◆ What the exercise asks
Once the line holding "Manhattan Comfort Franklin" is found in the entries below, transcribe exactly every line up to and including the one holding "Closet with white", but leave out the pictures.

◆ Dataset records

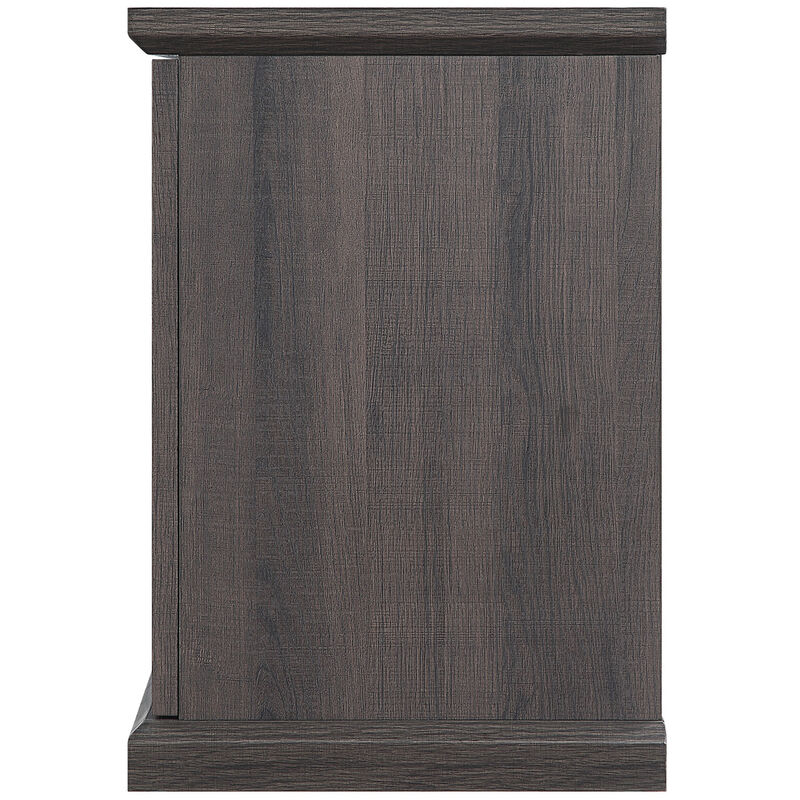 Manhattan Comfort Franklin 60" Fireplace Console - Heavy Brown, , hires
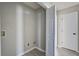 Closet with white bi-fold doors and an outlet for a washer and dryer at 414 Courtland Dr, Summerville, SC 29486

* * *

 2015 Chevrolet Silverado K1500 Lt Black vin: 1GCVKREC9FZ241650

◆ Answer space
 Manhattan Comfort Franklin 60" Fireplace Console - Heavy Brown, , hires
 Closet with white bi-fold doors and an outlet for a washer and dryer at 414 Courtland Dr, Summerville, SC 29486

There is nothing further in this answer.